Source data -
○ ○ ○ ○

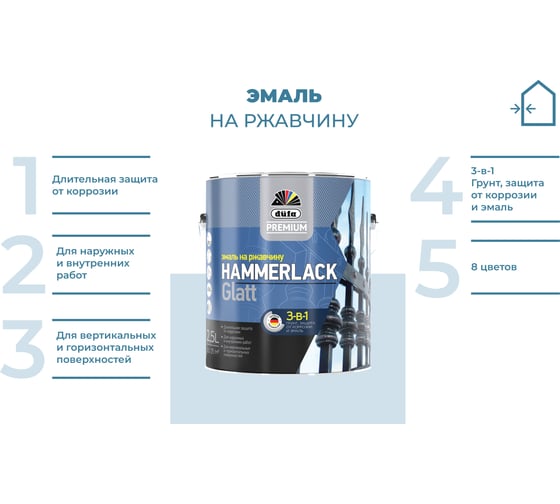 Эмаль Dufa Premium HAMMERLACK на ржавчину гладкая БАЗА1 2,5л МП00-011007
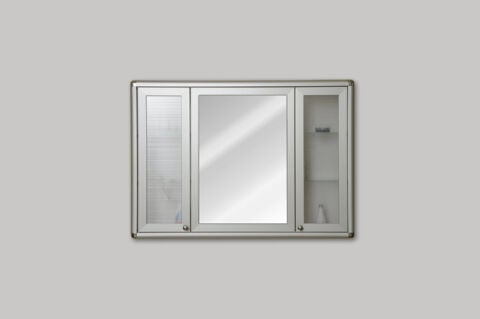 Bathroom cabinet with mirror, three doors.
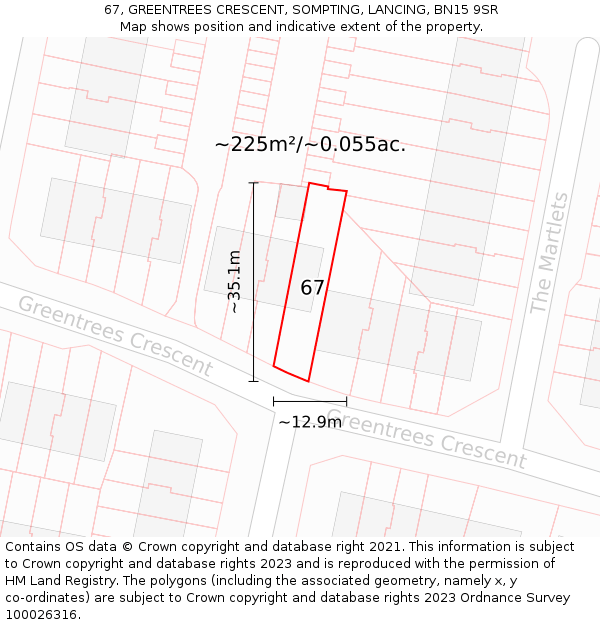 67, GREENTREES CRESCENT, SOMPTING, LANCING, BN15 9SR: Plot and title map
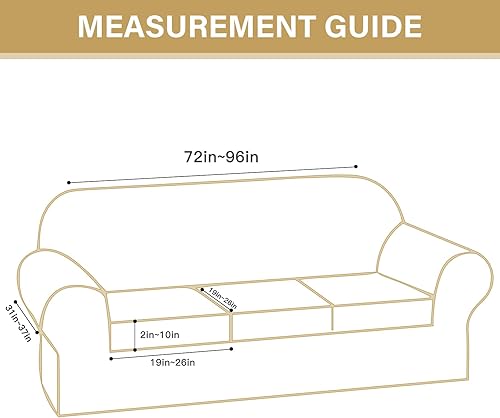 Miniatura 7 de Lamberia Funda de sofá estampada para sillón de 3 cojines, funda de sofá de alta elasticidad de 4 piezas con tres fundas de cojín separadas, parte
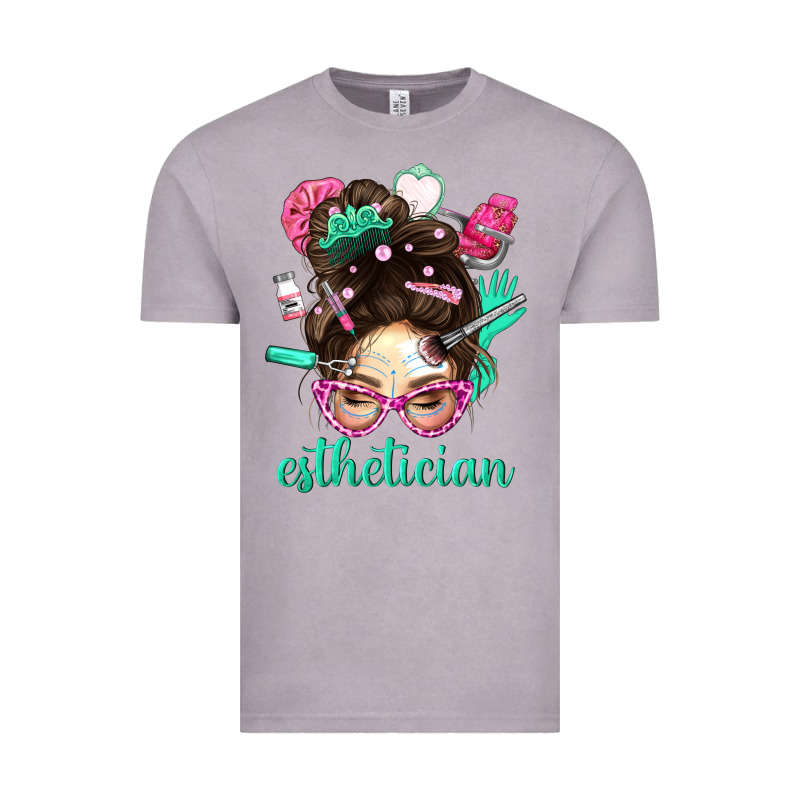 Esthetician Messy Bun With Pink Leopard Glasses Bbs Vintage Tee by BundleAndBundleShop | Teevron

○ ○ ○ ○

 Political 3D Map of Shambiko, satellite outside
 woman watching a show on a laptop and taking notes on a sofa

○ ○ ○ ○

To do - Taking the records above, retype every line from the one with "Political 3D Map" down to the one with "woman watching a", exactly and with nothing else.

Output of the exercise -
 Political 3D Map of Shambiko, satellite outside
 woman watching a show on a laptop and taking notes on a sofa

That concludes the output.